- **What the exercise asks**:
Reproduce the following data exactly, minus any images.

- **Raw data**:
- - - -
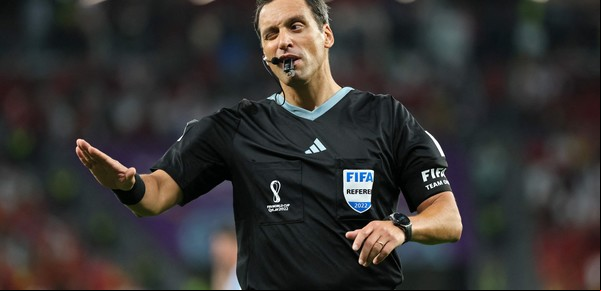 Fernando Rapallini reemplazará a Ángel Sánchez y cambia la cúpula arbitral de AFA: qué pasará con Federico Beligoy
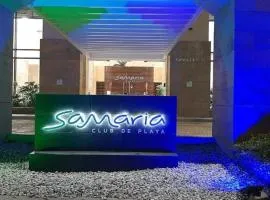 SAMARIA CLUB DE PLAYA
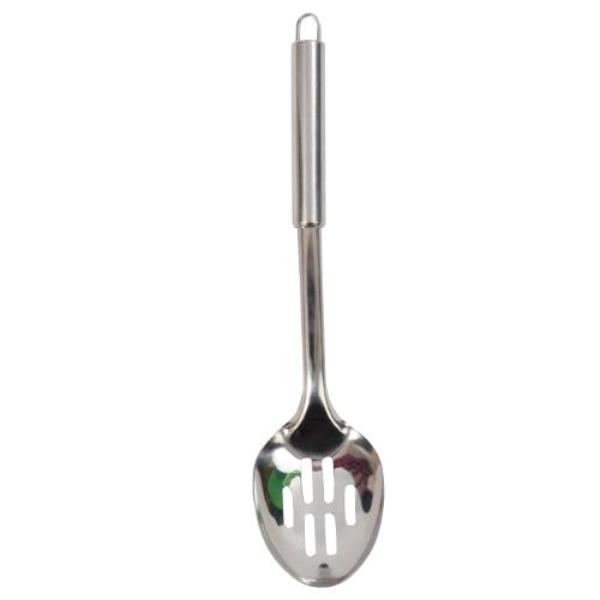 Stainless Steel Spoon - 8cm x 36cm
- - - -
- **Output**:
 Fernando Rapallini reemplazará a Ángel Sánchez y cambia la cúpula arbitral de AFA: qué pasará con Federico Beligoy
 SAMARIA CLUB DE PLAYA
 Stainless Steel Spoon - 8cm x 36cm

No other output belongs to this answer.